Na atual conjuntura brasileira é quase impossível encontrar um tema em torno do qual haja consenso ou, ao menos, uma certa convergência de opiniões. Nem mesmo o conhecimento científico escapa a esse desvairado movimento contestatório.

Entre raros temas consensuais se coloca a gravíssima insegurança jurídica que pesa sobre a competência para celebrar os chamados “acordos de leniência”, previstos na Lei Anticorrupção (Lei nº 12.846/2013), e sobre os efeitos deles decorrentes, com uma notória disputa travada entre Ministério Público Federal, Advocacia-Geral da União, Controladoria-Geral da União e Tribunal de Contas da União.

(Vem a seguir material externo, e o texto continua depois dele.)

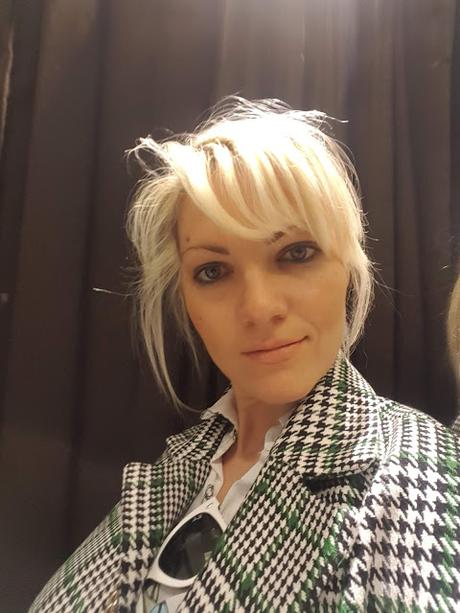 mariafelicia magno fashion blogger colorblock by felym mariafelicia magno fashion blogger selfie allo specchio come fare selfie allo specchio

Basta passar os olhos nos pronunciamentos no meio acadêmico e na imprensa para se concluir que todos, sem exceção, apontam para a necessidade de definição clara do órgão competente para tratar dos mencionados acordos e do alcance de seus efeitos jurídicos.

Nas palavras eloquentes do ministro Ricardo Villas Bôas Cueva, “no Brasil, MPF, AGU, CGU e TCU disputam quem tem o maior porrete. É indispensável que o sistema convirja para uma espécie de guichê único ou um guarda-chuva institucional”.

E por que isso é tão importante? A resposta é simples. Os acordos de leniência são ferramentas fundamentais de enfrentamento da corrupção que promovem, a um só tempo, a ampliação das investigações, a implantação e monitoramento do controle interno das empresas e a preservação da atividade econômica.

A sua atratividade depende, entretanto, da confiança que a empresa disposta a colaborar deposita no Estado. Como admitir a participação no ilícito e identificar os demais envolvidos sem a garantia de que não haverá sanções por órgãos alheios ao acordo? A fragmentação de competências fere de morte, pois, os acordos de leniência.

Encontramos um exemplo paradigmático do que estamos a dizer nos casos de empresas de obras públicas que celebraram acordos de leniência, mas, posteriormente, à vista dos mesmos fatos, foram declaradas inidôneas pelo Tribunal de Contas da União, ou seja, impedidas de contratar com o Poder Público.

Significa dizer que o Estado brasileiro, de maneira esquizofrênica, pactua com a empresa, o que envolve multas e sanções pecuniárias de monta, e, na sequência, subtrai-lhe os meios para cumprimento da avença.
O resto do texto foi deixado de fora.